The predistortion phase of Dynagroove—the adding of complementary distortion to offset the effects of stylus tracing distortion—appears now to be based on sound engineering principles, even though the amount of predistortion that is added is predicted on the normal amount of tracing distortion produced by a 0.7-mil stylus, a size that has been generally abandoned by the high-fidelity industry. The IM that results when the predistorted groove is traced by a smaller stylus is, however, still less than that obtained when the same stylus traces a normal groove. This has been proven mathematically and demonstrated subjectively.
We applaud RCA's extraordinary efforts to eliminate acoustical problems in their recording studios (even though "well engineered" studios have a reputation for being characterless and antiseptic-sounding), and we are impressed by the measures RCA took to avoid overmodulation of their discs. But we continue to be appalled at the reasoning behind the "Dynamic Spectrum Equalizer."
The three response curves that were included in Dr. Olson's article, represent the tonal compensations that are added automatically to Dynagroove discs (and 4-track tapes) for three differing intensity levels of orchestral playing, ranging from almost full-orchestra volume (100dB) to quiet solo-instrument volume (40dB). These curves are added to the RIAA recording curve, so when a Dynagroove disc is reproduced via the "industry-standard" playback curve, the overall response of the signal will be as shown, according to the volume at which the orchestra is playing. At no time is the resulting playback response even remotely linear.
According to Dr. Olson, these tonal corrections are added to offset 1) the low-frequency masking effects of background noise in the average listening room, 2) the fact that home listeners listen at lower-than-concert-hall volume levels, 3) the tendency for an average listening room to exaggerate bass response, and 4) the tendency for the average loudspeaker to radiate its treble in a narrow beam rather than a broad field. Dr. Olson then goes on to explain that the loudspeaker used as RCA's "reference system" in a "typical" room was an RCA LC-1A, whose performance characteristics, as reported in the article, reveal neither a low-end rise nor a tendency to beam treble.

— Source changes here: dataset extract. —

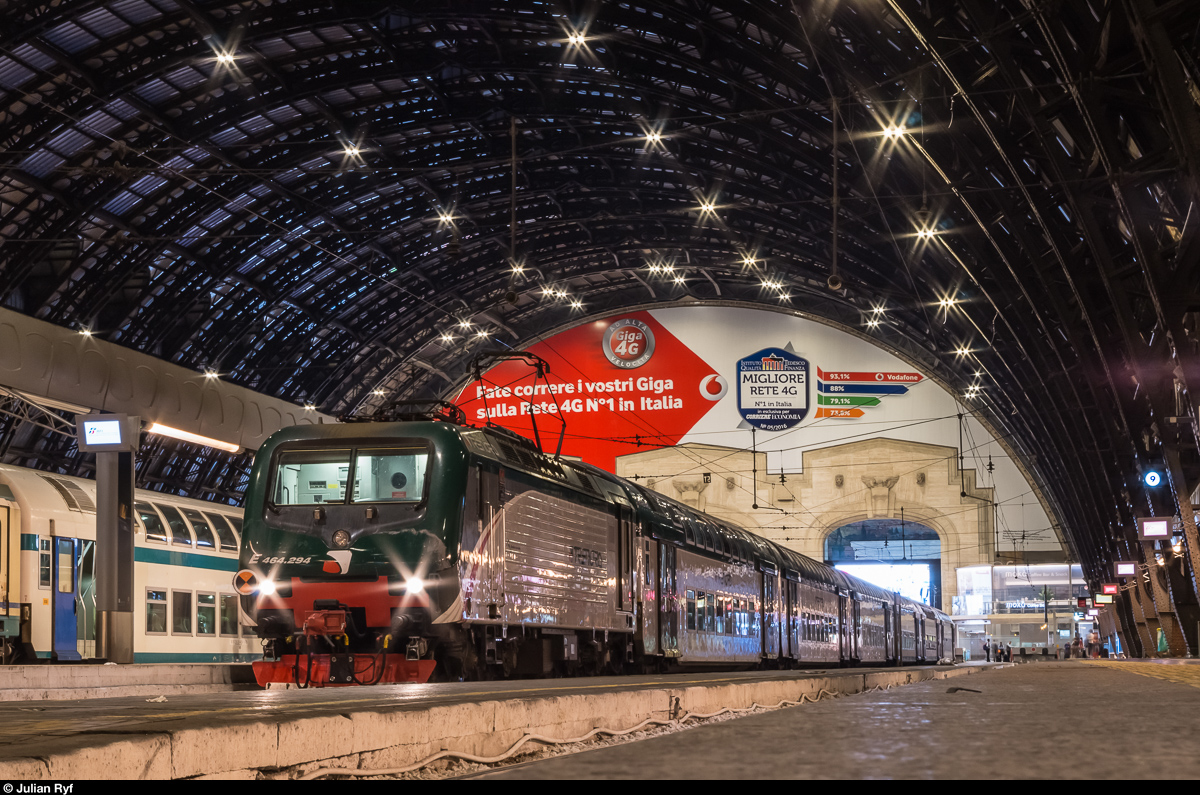 E.464.294 wartet am Abend des 1. Juli 2016 mit ihrem Trenord Regionalzug in Milano Centrale auf die Abfahrt.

All of which leads us to the conclusion that people who like the sound of Dynagroove recordings must either have very, very average systems and listening environments, as described by Dr. Olson, or are very poor judges of natural sound.
Incidentally, one of the basic requirements listed by Dr. Olson for the Dynagroove system was that the recording microphones should have response characteristics falling within...a response deviation of almost 5dB—a total variation of nearly 10dB—with all of the deviations as bass attenuation and treble accentuation. We have often remarked, half jokingly, that the engineering mind deems it better to be up 10dB at 10,000cps [hertz] than down a half a dB. Suddenly, we don't think that remark is very funny.
—J. Gordon Holt
Footnote 3: Then Director, RCA Acoustical and Electromechanical Labs, Princeton, NJ.